**Task item:** From the listing below, restate word for word the lines from the line containing "Krishna & Pankaj's" down through the line containing "Фотосъемка в студии. Тиана". Exclude pictures.

**Records supplied:**
───

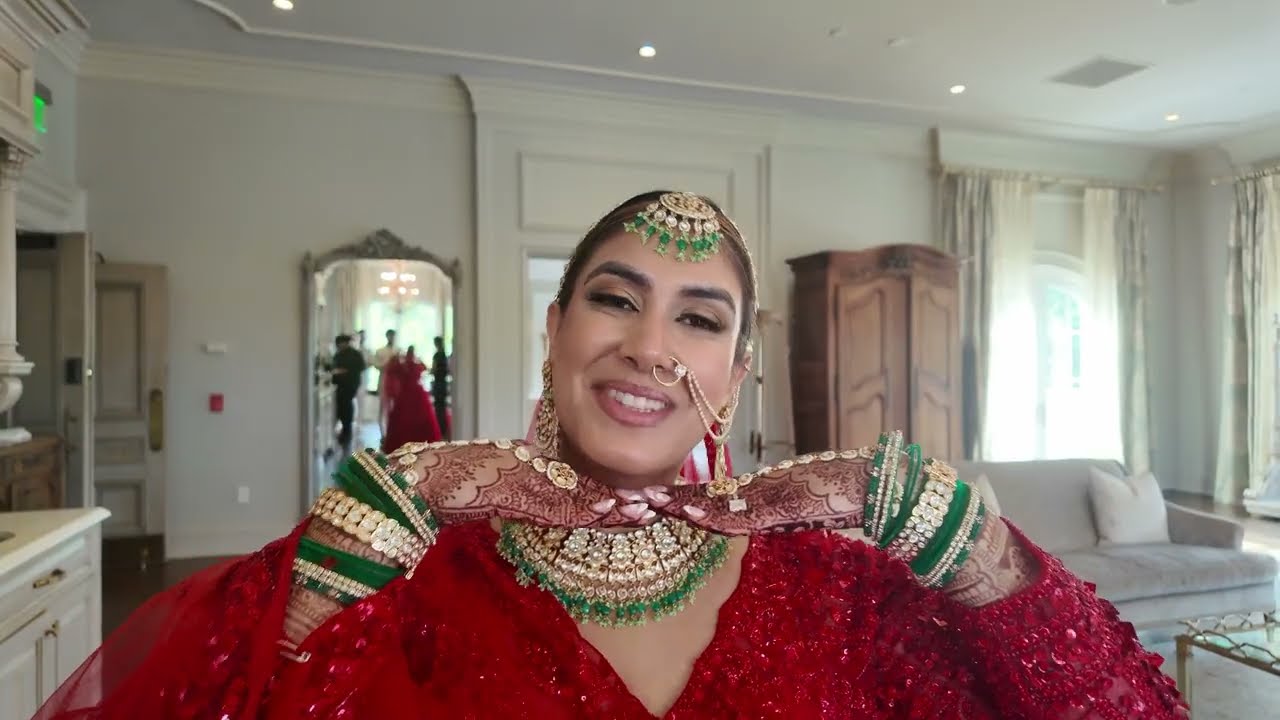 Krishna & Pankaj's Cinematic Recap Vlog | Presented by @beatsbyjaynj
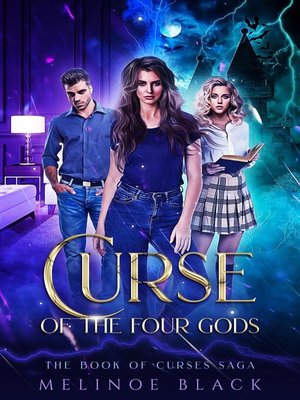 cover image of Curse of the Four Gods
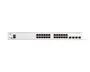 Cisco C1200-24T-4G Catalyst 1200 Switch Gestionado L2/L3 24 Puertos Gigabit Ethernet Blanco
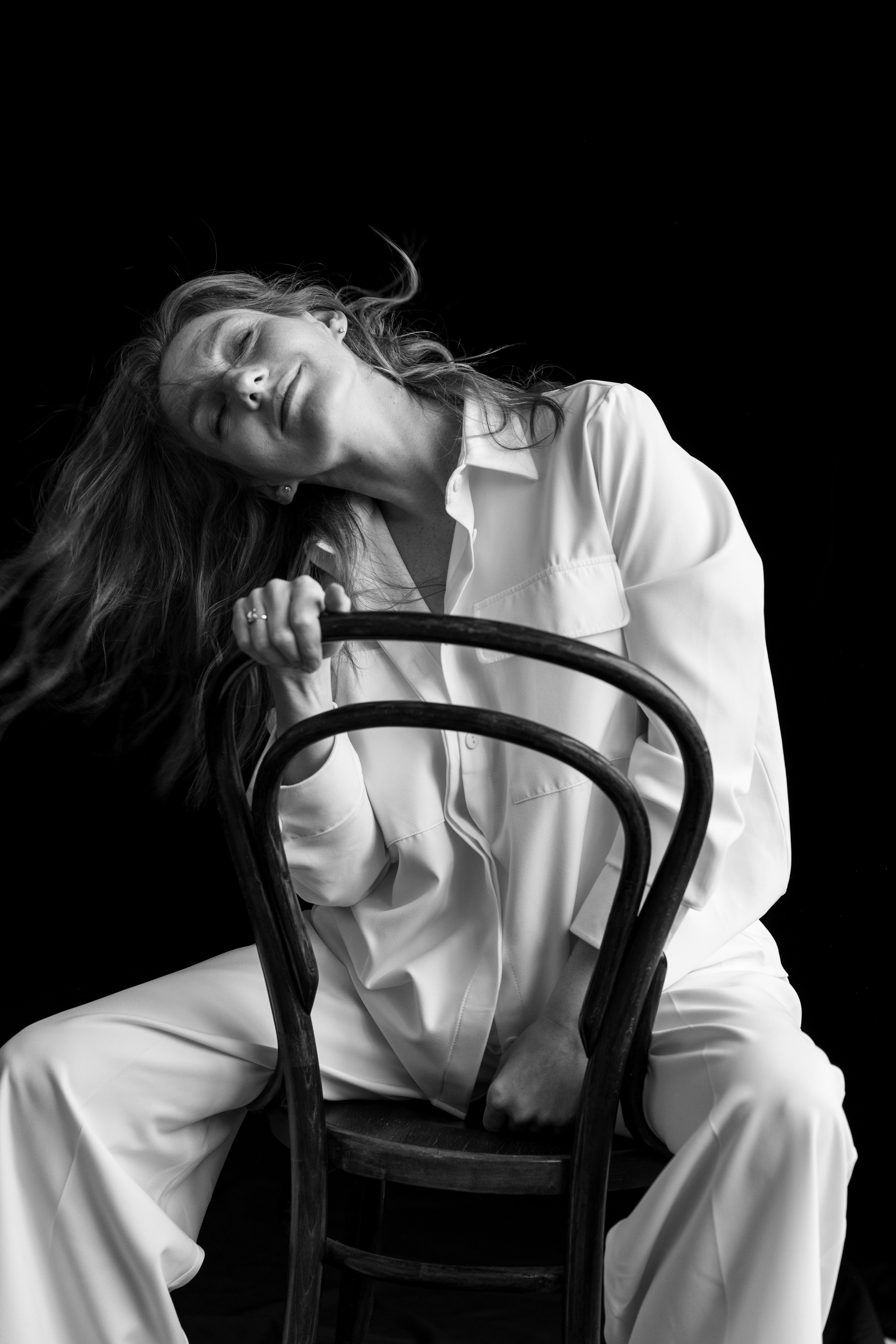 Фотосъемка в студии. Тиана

───

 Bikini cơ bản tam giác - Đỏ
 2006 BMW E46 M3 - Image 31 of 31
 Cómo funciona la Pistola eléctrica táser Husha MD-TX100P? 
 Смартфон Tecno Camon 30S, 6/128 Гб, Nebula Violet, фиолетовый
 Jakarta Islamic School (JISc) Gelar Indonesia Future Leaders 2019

───

**Response:**
 Krishna & Pankaj's Cinematic Recap Vlog | Presented by @beatsbyjaynj
 cover image of Curse of the Four Gods
 Cisco C1200-24T-4G Catalyst 1200 Switch Gestionado L2/L3 24 Puertos Gigabit Ethernet Blanco
 Фотосъемка в студии. Тиана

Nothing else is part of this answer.